▸ **Supplied data**
== Segment start ==

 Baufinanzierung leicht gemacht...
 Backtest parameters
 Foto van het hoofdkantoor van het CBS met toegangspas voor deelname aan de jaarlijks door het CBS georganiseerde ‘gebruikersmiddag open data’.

== Segment end ==

▸ **Task requirements**
Word for word, transcribe the entire listing shown above.

▸ **Task answer**
 Baufinanzierung leicht gemacht...
 Backtest parameters
 Foto van het hoofdkantoor van het CBS met toegangspas voor deelname aan de jaarlijks door het CBS georganiseerde ‘gebruikersmiddag open data’.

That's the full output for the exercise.